Flawed policies turn off the knowledge tap
More collaboration needed between US and Chinese scientists, conference told
Recognizing the increasingly international dimension to scientific collaboration and China's growing research prowess, scientists are concerned that US policies targeting Chinese researchers have significantly hurt productivity.
"It is internationally collaborative networks and groups that tackle the biggest problems, like climate change, epidemiology and so on," said Jonathan Adams, chief scientist of the Institute for Scientific Information at Clarivate in England, at a conference organized by the Asia Society Northern California.
"International collaboration is here to stay. China is a very, very big player now in that field.
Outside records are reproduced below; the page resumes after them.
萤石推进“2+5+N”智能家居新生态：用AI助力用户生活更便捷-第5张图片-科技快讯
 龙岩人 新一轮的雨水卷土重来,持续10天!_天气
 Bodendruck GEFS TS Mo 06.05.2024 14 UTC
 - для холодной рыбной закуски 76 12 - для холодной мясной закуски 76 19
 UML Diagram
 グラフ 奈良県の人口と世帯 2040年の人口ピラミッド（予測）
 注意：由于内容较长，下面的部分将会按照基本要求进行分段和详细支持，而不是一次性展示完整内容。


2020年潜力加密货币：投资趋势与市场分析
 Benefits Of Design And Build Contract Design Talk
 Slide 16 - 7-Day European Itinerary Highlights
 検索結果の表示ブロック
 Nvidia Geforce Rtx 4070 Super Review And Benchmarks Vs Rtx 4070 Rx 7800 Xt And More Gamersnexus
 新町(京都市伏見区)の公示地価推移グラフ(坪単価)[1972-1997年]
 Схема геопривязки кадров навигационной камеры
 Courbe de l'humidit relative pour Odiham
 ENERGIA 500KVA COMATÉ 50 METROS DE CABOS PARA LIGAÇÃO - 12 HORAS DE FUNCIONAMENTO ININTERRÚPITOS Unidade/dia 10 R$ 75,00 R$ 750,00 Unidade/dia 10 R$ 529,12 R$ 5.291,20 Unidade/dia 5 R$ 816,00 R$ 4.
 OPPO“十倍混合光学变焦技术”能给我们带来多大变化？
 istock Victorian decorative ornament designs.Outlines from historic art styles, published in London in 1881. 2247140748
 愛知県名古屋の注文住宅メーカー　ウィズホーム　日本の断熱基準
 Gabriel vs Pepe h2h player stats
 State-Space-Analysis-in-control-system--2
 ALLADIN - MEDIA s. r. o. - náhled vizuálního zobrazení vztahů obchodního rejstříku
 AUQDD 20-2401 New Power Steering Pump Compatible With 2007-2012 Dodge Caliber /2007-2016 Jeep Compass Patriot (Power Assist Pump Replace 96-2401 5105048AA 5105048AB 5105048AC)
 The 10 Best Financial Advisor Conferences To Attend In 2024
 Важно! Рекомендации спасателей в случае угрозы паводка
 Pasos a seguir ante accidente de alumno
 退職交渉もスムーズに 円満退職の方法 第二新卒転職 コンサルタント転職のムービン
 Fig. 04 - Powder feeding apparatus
China's research is increasingly high-quality and innovative. It's supported by a lot of resourcing, and there are more and more important discoveries and innovations coming out of that. It would be absurd for us to cut ourselves off from what's happening there."
Chinese research is particularly important in high technology areas, and its collaborators "clearly benefit from that", Adams said.
China is increasingly collaborative with more countries, a case in point is the United States, he said. In fields such as nanosciences and telecommunications, papers co-authored by US and Chinese researchers are more numerous than US domestic papers, he said.
Caroline Wagner, a professor at John Glenn College of Public Affairs at Ohio State University, conducted a study and found China had surpassed the EU in around 2015 and the US in 2019 in producing the top 1 percent of most highly cited articles.
"These are the works that get the greatest attention from other scientific researchers. It means China is at the forefront in terms of capacity to do world-class research."
Collaborative work between China and the US is extremely well cited at the top levels, she said. However, the number of China's collaborations with the US has dropped in recent years.
"We saw the shift down around 2018; at the same time, though, China-EU collaboration continued fairly strongly."
Result of politics
Decreased collaboration could be the result of politics, she said, citing the now-defunct China Initiative program that was established in 2018.
Her findings coincide with the research of Margaret Roberts, a professor of political science at the University of California, San Diego, who co-authored a National Bureau of Economic Research Working Paper titled "The Impact of US-China Tensions on US Science".
The paper presents how US investigations have affected productivity in life sciences by comparing the publications of scholars who had previously worked with China and those who had engaged in other international collaborations.
After the China Initiative was established there was a decrease in productivity, and the trend has continued, the paper found.
In response to calls for scrutiny of Chinese collaboration over national security or human rights issues, Roberts said, research collaboration between the US and China is "incredibly productive", and most of the joint work is in areas of science and focused on challenges that humanity faces.
However, those highly publicized investigations of Chinese researchers have caused "a big chilling effect", she said, and "there's this perception that any type of collaboration is bad".
"I hope that there could be a lot more clarity (in US government guidance) because I think the lack of clarity around this leads to this chilling effect, and it's more likely to create implicit bias."
To help restore collaboration, Adams said, policymakers should "work out communications" with China.
"At the moment we are not positioning ourselves in a way that optimizes our communication with China because we don't know enough about what they're doing, and that is not because they are hiding. It is because we simply aren't able to ask the right questions.
"What we have to do is to address how we are going to make the best use of that relationship and the benefits it provides, rather than focusing solely on how we control and limit the information flow in the relationship, which is a very negative position to start from."